I'm not sure if the idea to create a dedicated sched_domain level for
every topology flag representing a specific functionality will scale.
From the perspective of energy-aware scheduling we need e.g. energy
costs (P and C state) which can only be populated towards the scheduler
via an additional sub-struct and additional function arch_sd_energy()

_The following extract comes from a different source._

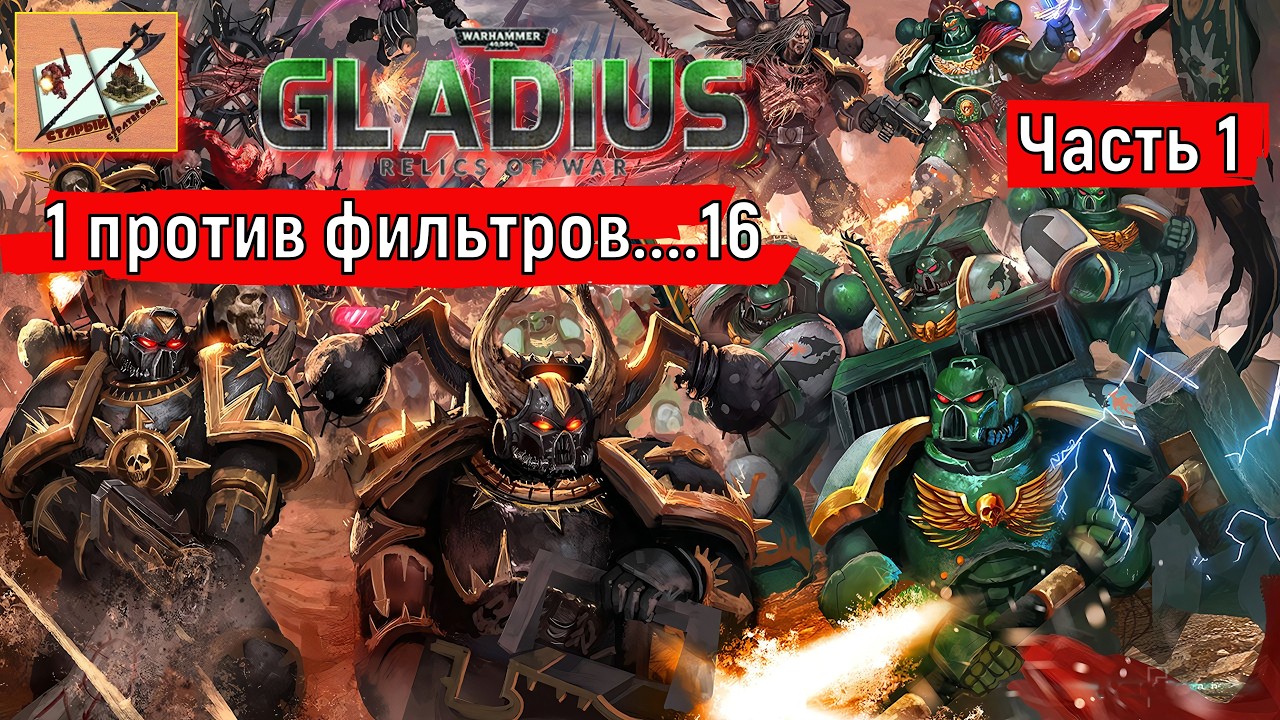 Warhammer 40000 Gladius Relics Of war||| 1 против 16 За Адепта Сороритас///Часть 1///Второй шанс///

like depicted in Morten's email:
[2] lkml.org/lkml/2013/11/14/102
>
> Regards
> Vincent
>
> Signed-off-by: Vincent Guittot <vincent.guittot@...aro.org>
>
> ---
> arch/arm/include/asm/topology.h | 4 ++
> arch/arm/kernel/topology.c | 99 ++++++++++++++++++++++++++++++++++++++-
> include/linux/sched.h | 7 +++
> kernel/sched/core.c | 17 +++----
> 4 files changed, 116 insertions(+), 11 deletions(-)
>
> diff --git a/arch/arm/include/asm/topology.h b/arch/arm/include/asm/topology.h
> index 58b8b84..5102847 100644
> --- a/arch/arm/include/asm/topology.h
> +++ b/arch/arm/include/asm/topology.h
> @@ -5,12 +5,16 @@
>
> #include <linux/cpumask.h>
>
> +#define CPU_CORE_GATE 0x1
> +#define CPU_CLUSTER_GATE 0x2
> +
> struct cputopo_arm {
> int thread_id;
> int core_id;
> int socket_id;
> cpumask_t thread_sibling;
> cpumask_t core_sibling;
> + int flags;
> };
>
> extern struct cputopo_arm cpu_topology[NR_CPUS];
> diff --git a/arch/arm/kernel/topology.c b/arch/arm/kernel/topology.c
> index 85a8737..8a2aec6 100644
> --- a/arch/arm/kernel/topology.c
> +++ b/arch/arm/kernel/topology.c
> @@ -24,6 +24,7 @@
>
> #include <asm/cputype.h>
> #include <asm/topology.h>
> +#include <asm/smp_plat.h>
>
> /*
> * cpu power scale management
> @@ -79,6 +80,51 @@ unsigned long *__cpu_capacity;
>
> unsigned long middle_capacity = 1;
>
> +static int __init get_dt_power_topology(struct device_node *topo)
> +{
> + const u32 *reg;
> + int len, power = 0;
> + int flag = CPU_CORE_GATE;
> +
> + for (; topo; topo = of_get_next_parent(topo)) {
> + reg = of_get_property(topo, "power-gate", &len);
> + if (reg && len == 4 && be32_to_cpup(reg))
> + power |= flag;
> + flag <<= 1;
> + }
> +
> + return power;
> +}
> +
> +#define for_each_subnode_with_property(dn, pn, prop_name) \
> + for (dn = of_find_node_with_property(pn, prop_name); dn; \
> + dn = of_find_node_with_property(dn, prop_name))
> +
> +static void __init init_dt_power_topology(void)
> +{
> + struct device_node *cn, *topo;
> +
> + /* Get power domain topology information */
> + cn = of_find_node_by_path("/cpus/cpu-map");
> + if (!cn) {
> + pr_warn("Missing cpu-map node, bailing out\n");
> + return;
> + }
> +
> + for_each_subnode_with_property(topo, cn, "cpu") {
> + struct device_node *cpu;
> +
> + cpu = of_parse_phandle(topo, "cpu", 0);
> + if (cpu) {
> + u32 hwid;
> +
> + of_property_read_u32(cpu, "reg", &hwid);
> + cpu_topology[get_logical_index(hwid)].flags = get_dt_power_topology(topo);
> +
> + }
> + }
> +}
> +
> /*
> * Iterate all CPUs' descriptor in DT and compute the efficiency
> * (as per table_efficiency). Also calculate a middle efficiency
> @@ -151,6 +197,8 @@ static void __init parse_dt_topology(void)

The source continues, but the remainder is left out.